Data extracts:
● ● ●

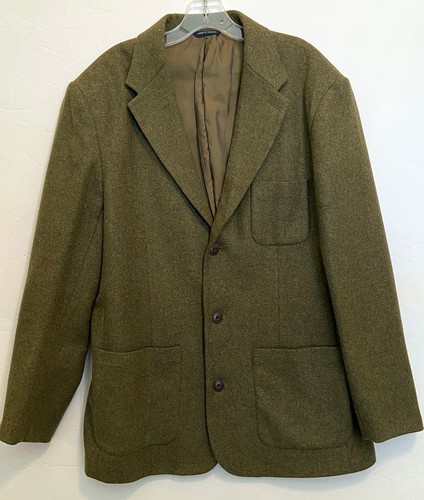 Gap VTG Shetland Blazer Wool Blend 3 Button Single Breasted Green Sport Coat L - Picture 3 of 11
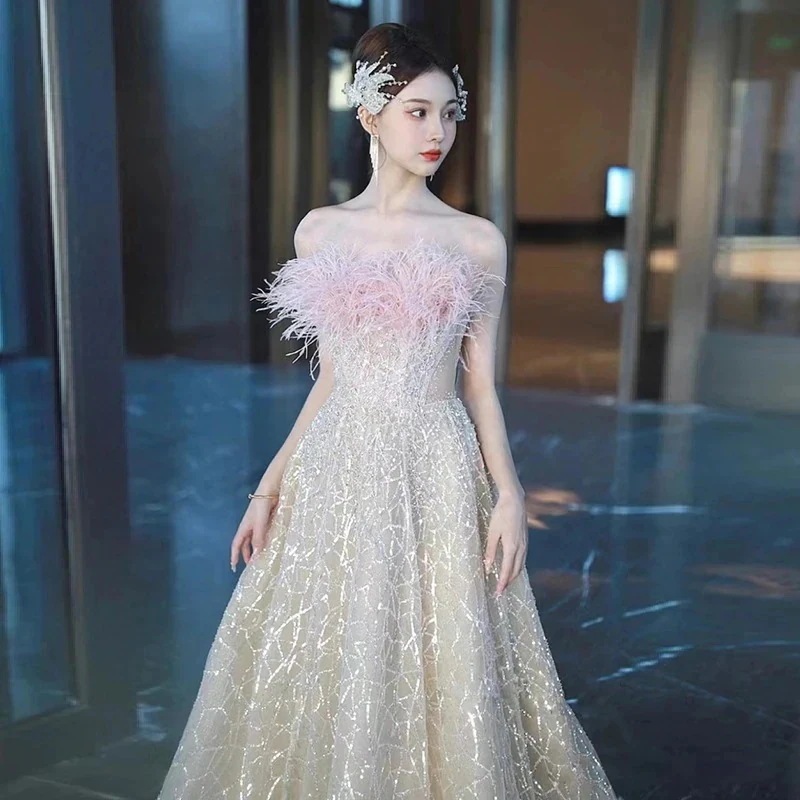 ピンクワンショルダードレス2025婚約結婚式乾杯着用誕生日ホスト夏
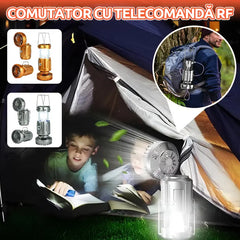 Felinar de Camping 3 în 1 cu Încărcare Solară și Ventilator Pliabil, Lampă LED Telescopică, Funcție Power Bank de Urgență, Reîncărcabil USB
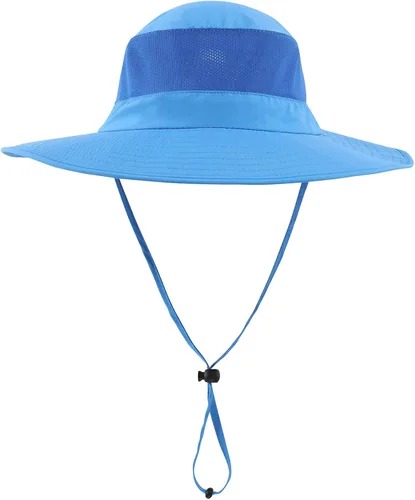 Miniatura 2 de Home Prefer Sombrero de sol UPF50+ de malla para exteriores, de ala ancha, con solapa para el cuello, sombrero de pesca para hombres y mujeres Azul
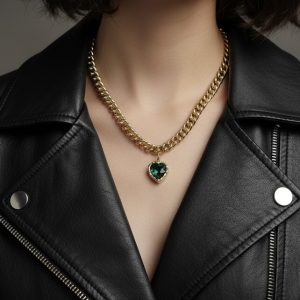 Halsband i mässing med grönt cubic zirconia-hjärta och kedja i statement design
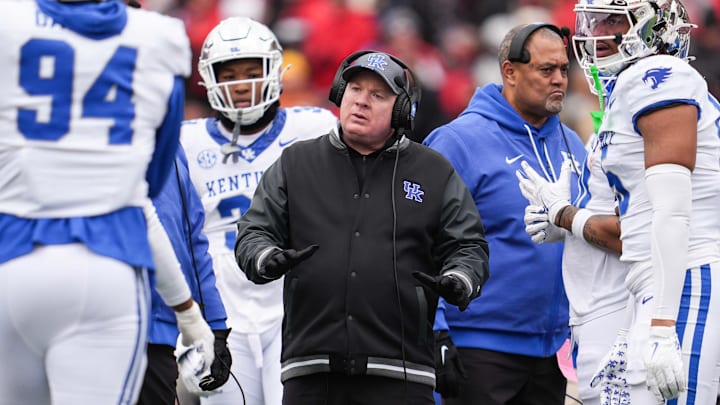 Kentucky Wildcats head coach Mark Stoops during a timeout with his team as the Cats played Louisville Saturday, November 29, 2025 in Louisville, Kentucky at L&N Federal Credit Union Stadium. The Cats fell to 5-7 with the 41-0 loss to the Cardinals; missing out on a bowl.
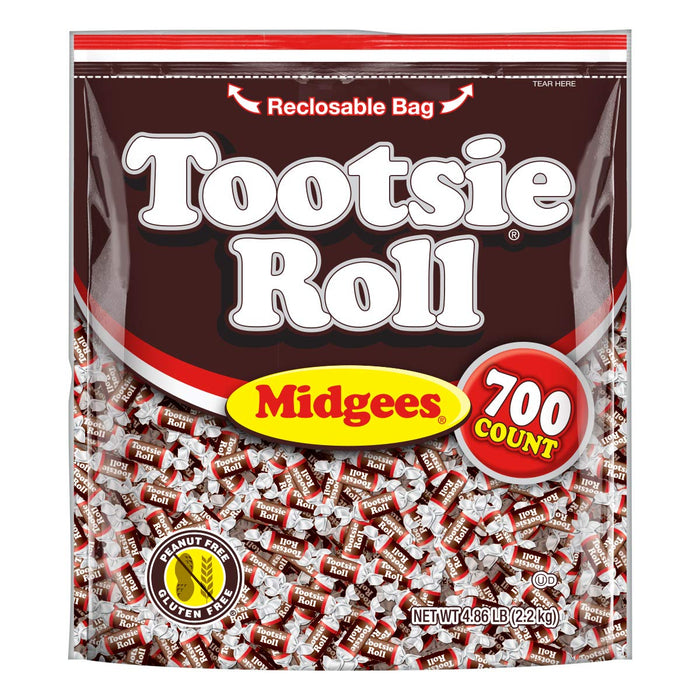 Tootsie Roll Midgees - Chewy Chocolate Gluten-Free Candy - Resealable Bag of Individually Wrapped Candies for Kids, Parties, Classroom - 700 Count (Pack of 1) (Packaging May Vary)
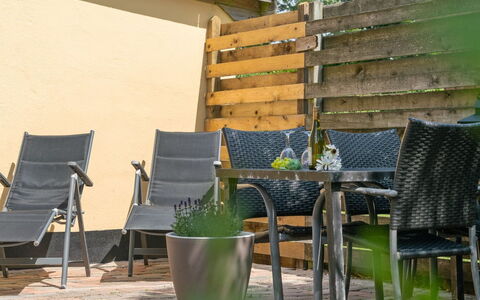 Øthi: Furniture, Outdoor Furniture, Chair, Flowerpot, Garden, Outdoor Table, Houseplant, Hardwood, Patio, Wood Stain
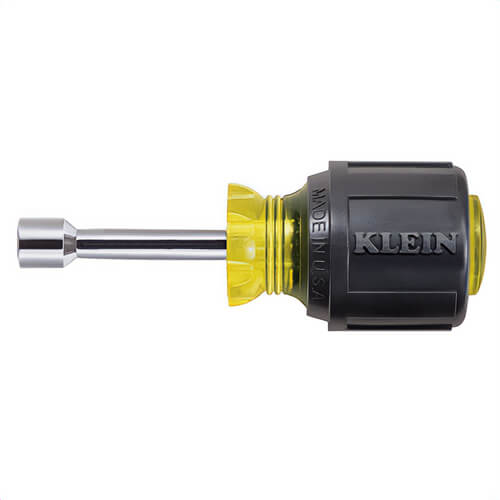 Klein® Cushion-Grip® 610-5/16M Magnetic Nut Driver, 5/16 in, Hollow Shank, Cushion Grip Handle, Polished Chrome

● ● ●

Assignment: Give back all of the entries above exactly, with the pictures excluded.

Solved problem:
 Gap VTG Shetland Blazer Wool Blend 3 Button Single Breasted Green Sport Coat L - Picture 3 of 11
 ピンクワンショルダードレス2025婚約結婚式乾杯着用誕生日ホスト夏
 Felinar de Camping 3 în 1 cu Încărcare Solară și Ventilator Pliabil, Lampă LED Telescopică, Funcție Power Bank de Urgență, Reîncărcabil USB
 Miniatura 2 de Home Prefer Sombrero de sol UPF50+ de malla para exteriores, de ala ancha, con solapa para el cuello, sombrero de pesca para hombres y mujeres Azul
 Halsband i mässing med grönt cubic zirconia-hjärta och kedja i statement design
 Kentucky Wildcats head coach Mark Stoops during a timeout with his team as the Cats played Louisville Saturday, November 29, 2025 in Louisville, Kentucky at L&N Federal Credit Union Stadium. The Cats fell to 5-7 with the 41-0 loss to the Cardinals; missing out on a bowl.
 Tootsie Roll Midgees - Chewy Chocolate Gluten-Free Candy - Resealable Bag of Individually Wrapped Candies for Kids, Parties, Classroom - 700 Count (Pack of 1) (Packaging May Vary)
 Øthi: Furniture, Outdoor Furniture, Chair, Flowerpot, Garden, Outdoor Table, Houseplant, Hardwood, Patio, Wood Stain
 Klein® Cushion-Grip® 610-5/16M Magnetic Nut Driver, 5/16 in, Hollow Shank, Cushion Grip Handle, Polished Chrome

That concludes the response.